Don't take this the wrong way, but maybe it's for the best that we're seeing some chinks in the once-impenetrable armor of Jonathan Papelbon.
At least it might re-open the now-closed discussion as to where his talents are best utilized.
Up until this month, Papelbon has been so filthy dominant as the Red Sox closer that any poor schmo who brought up the question as to whether the Red Sox were going to one day groom him as a starting pitcher was greeted with a chorus of degrading denials. Don't mess with what you have. Papelbon? He's so intense on the mound.
But now ...
OK, I don't mean now, but in 2007 we're talking a different story ... unless you like the prospect of Jason Johnson coming back, Matt Clement sticking around, and re-signing a 54-year-old David Wells to cement what has turned out to be perhaps the weakest point of this Red Sox team. Why not?
It's either a testimonial to the loss of Jason Varitek or just how untouchable he's been that of the six runs the righty has allowed, half of them have come in the past week. His ERA has doubled, and opposing hitters are hitting .313 off him this month. Small sample size, sure, but if it begins a trend, it becomes a warning sign. And by that point, I suppose it's too late anyhow.
Point to the bullpen all you want as this team's crux -- and I'm not arguing that it isn't -- but what effect has the rotation had on the penís problems by failing to go more than six innings pretty much every night? Plenty, at least on kids like Craig Hansen and Manny Delcarmen, who have both had nice stretches this year, but might be petered out at this stage after continually having to bridge the gap.
Besides, how does this sound for '07: Curt Schilling, an AL-adjusted Josh Beckett, Papelbon, a more seasoned Jon Lester, and Tim Wakefield?
Who closes then, smart guy? It could be Hansen. OK, maybe not based on what he showed you this season, but let's not forget the kid is 22 years old. With another year of seasoning, he might be the right guy for the job. Anyone think the Oriolesí Chris Ray would have 24 saves at this point in replacing BJ Ryan?
And yes, while there are your occasional lifers like Mariano Rivera and Trevor Hoffman, closing is a fickle thing; today's stud is tomorrow's Keith Foulke. It's no coincidence really that kids like Ray, Bobby Jenks, and Papelbon are among the league leaders in saves. Teams are always looking for new blood to close after their incumbents seemingly lose it out of nowhere.
Papelbon's 0.94 ERA might illustrate his dominance, but let's not lose focus of the fact that he has blown five of his 35 save opportunities, all since June 1 (which is more than any other AL pitcher in that time frame, according to NESN). That puts him only in about the middle of the pack of all pitchers with save opportunities (Kansas City's Ambiorix Burgos leads the way with a ridiculous 10 blown saves). That might sound like nitpicking to be negative, but there are times when a negative can become a positive.
And with Papelbon taking on the challenge of becoming a 200-inning eater next season, the Red Sox might have a starting five that can significantly adjust the bullpen usage.
And maybe now, we can talk about it. Just talk.

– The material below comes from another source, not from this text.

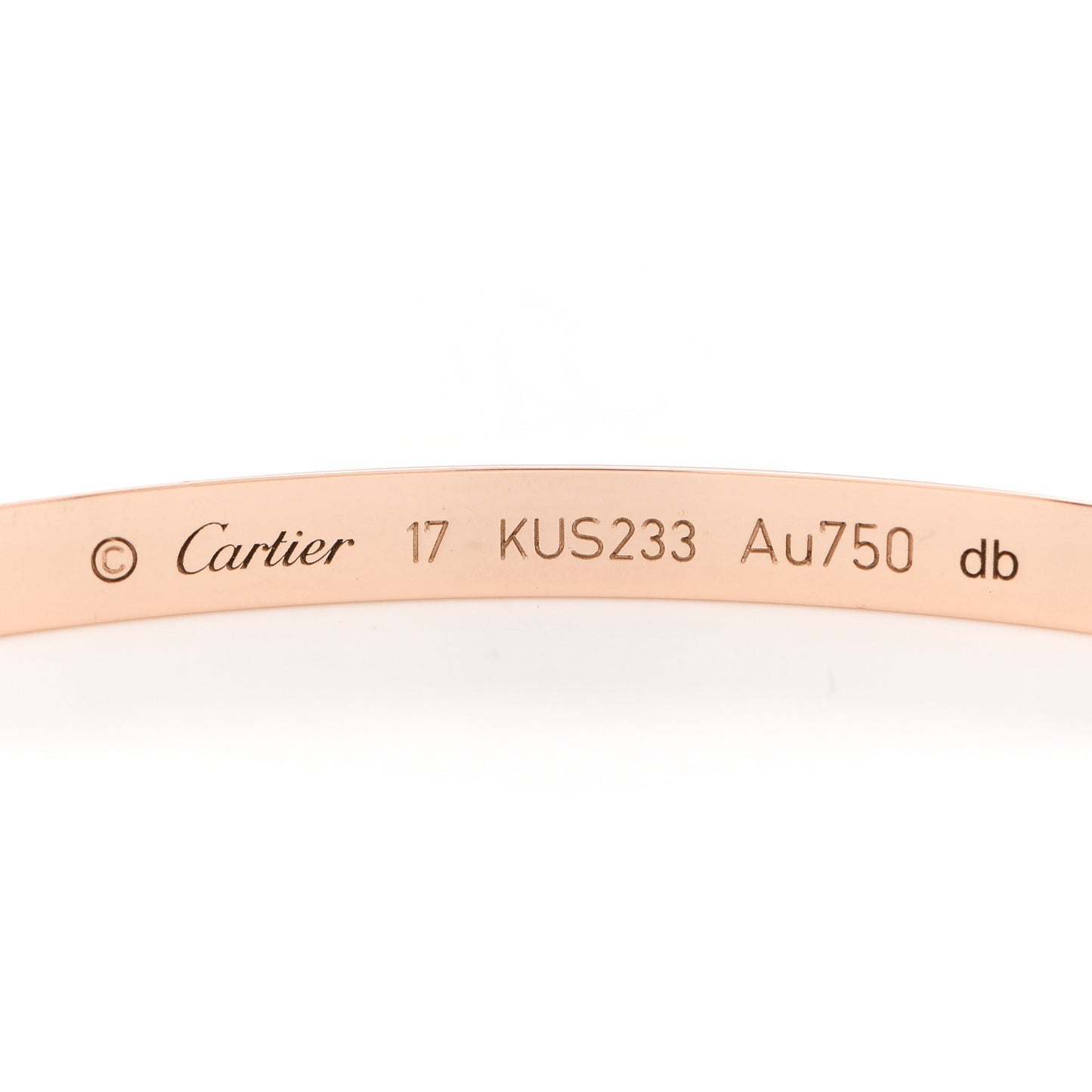18K Pink Gold 6 Diamond Small LOVE Bracelet 17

From the Dayton Daily News:
Ryan Freel said not even Farney believed that Freel made the stupendous diving catch on Albert Pujols Tuesday.
Farney? Who's Farney?
"He's a little guy who lives in my head who talks to me and I talk to him," said Freel, acting as if he finally crashed into too many walls, ran into too many catchers and dived into too many dugouts.
"That little midget in my head said, 'That was a great catch, Ryan,' I said, 'Hey, Farney, I don't know if that was you who really caught that ball, but that was pretty good if it was.' Everybody thinks I talk to myself, so I tell 'em I'm talking to Farney.' "
Brilliant. I wonder if he knows Mr. Weebles.